After centuries of sailing across virtually every corner of the world's oceans, it might seem there are no 'firsts' remaining for any ambitious skipper hoping to find a place along with Marco Polo and Megellan in the nautical history books. But, among other things, global warming is changing all that.
Shortly after the discovery of the New World, European explorers sought long and hard for an easy way to usurp those inconveniently placed land masses impeding an easy voyage to the riches of Asia. Unfortunately, they soon learned that the most promising route, between the northern coast of North America and the Arctic -- known as the Northwest Passage -- was impassable due to icy conditions. Thanks to recent melting patterns, however, that's no longer the case.
This summer, the Belzebub II, a sailboat helmed by a three-man crew, became the first to navigate through the Northwest Passage, from Sweden to the western shore of Alaska -- made possible due to the region's now scarcer ice coverage, the result of global warming.
The crew detailed their journey on their blog, found here.
Unlike some other history-making sailors, the crew of Belzebub II isn't in it for glory -- they simply hope to point out that, even though those early cartographers' maps still look correct on the surface, today the face of our planet is actually not the same.
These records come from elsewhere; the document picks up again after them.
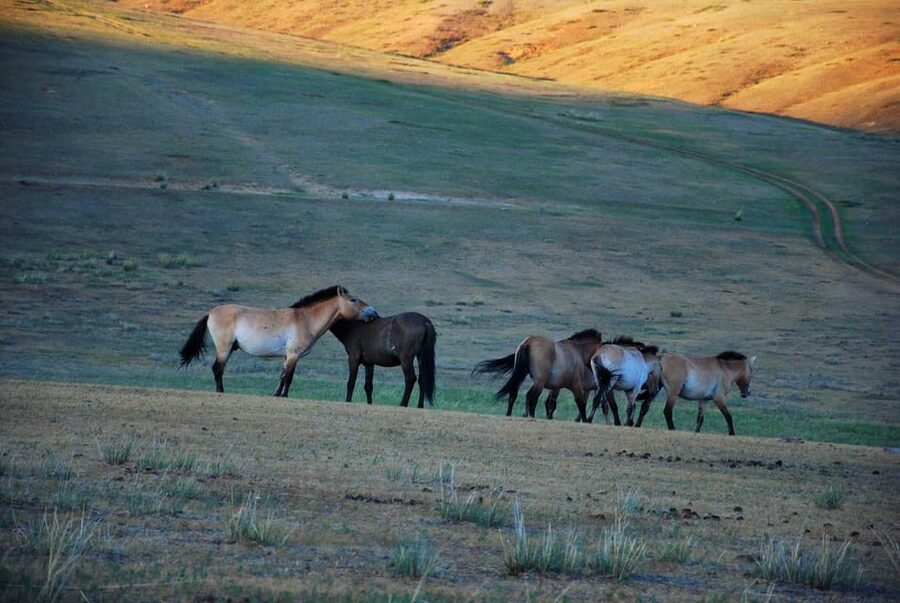 Day tour to Hustai national park - Key points to know before booking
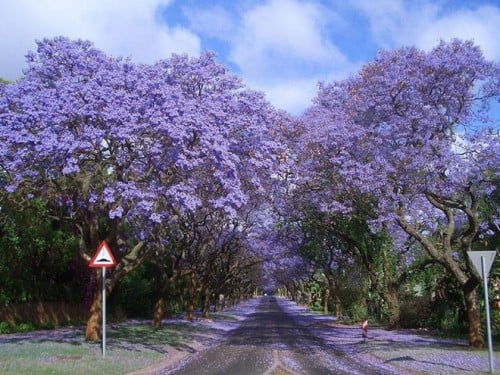 Con đường Jacaranda (Phượng tím) ở Nam Phi.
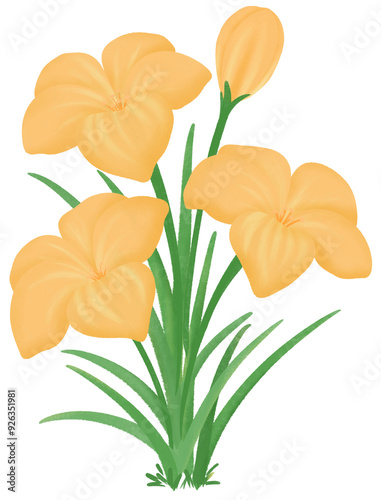 Orange Zephyranthes flowers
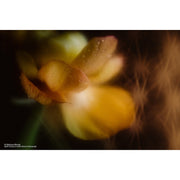 Lensbaby OMNI Universal Expansion Pack w/ Reflections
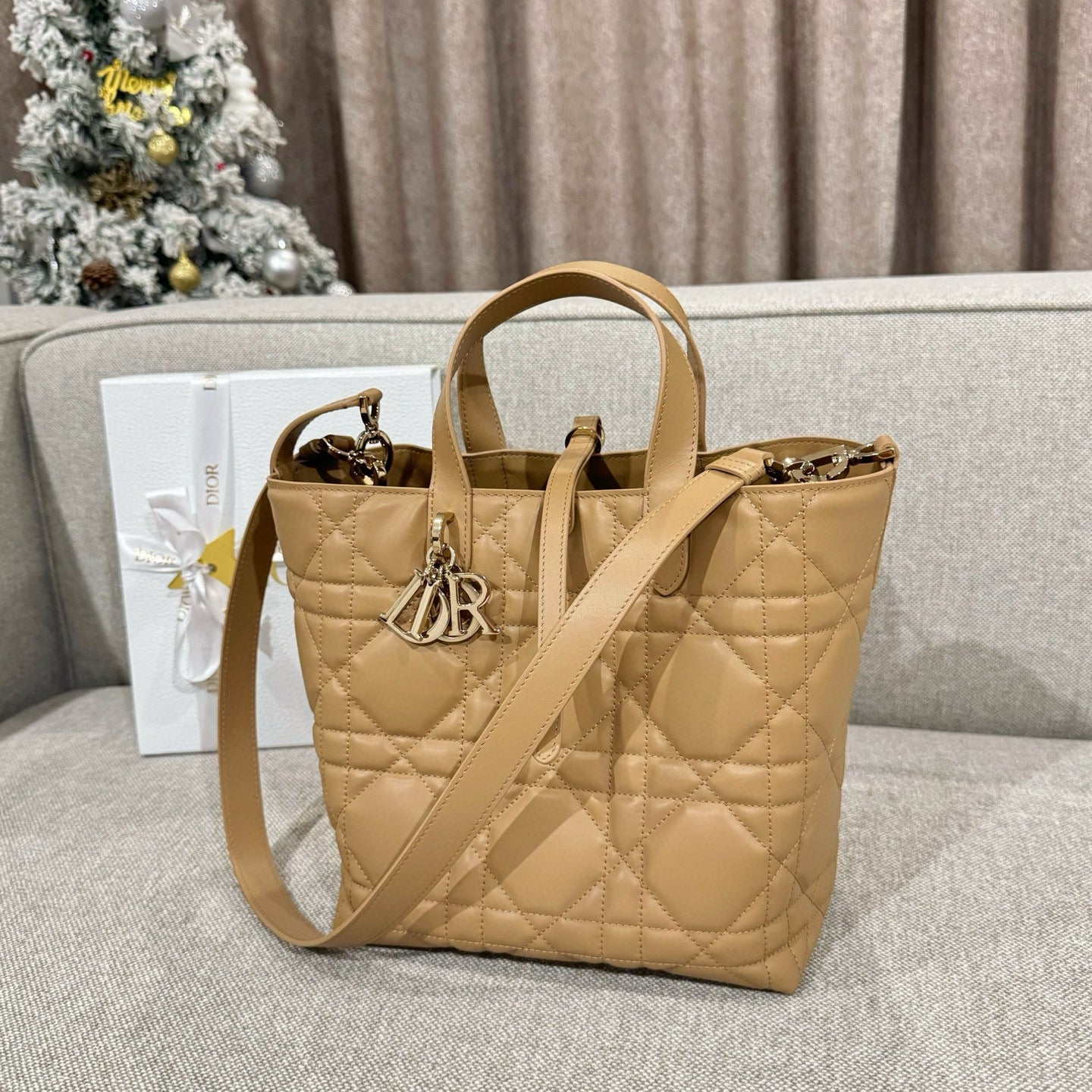 Dior Toujours Bag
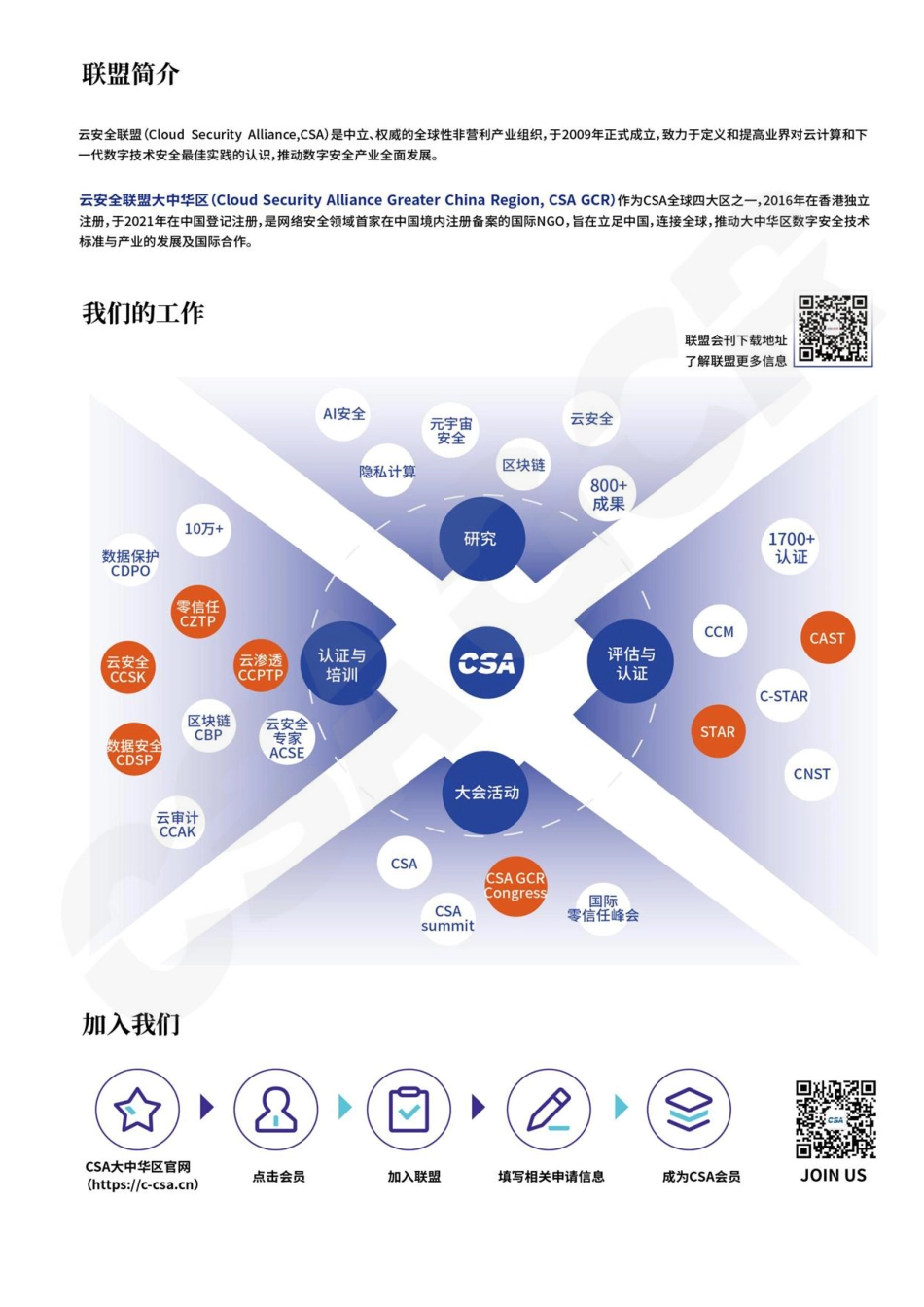 《以零信任应对AI部署中的影子访问风险》-14页_第2页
"By sailing this newly-opened route we hope that our expedition will play a small part in bringing further attention to climate change and contributing to a larger shift in attitudes. The Arctic is melting at an alarming rate and is clear proof of our disharmony with the planet," write the crew. "Our approach to sail across a historical stretch of water that has traditionally been frozen is meant to be a clear visual example of the extent of declining polar ice."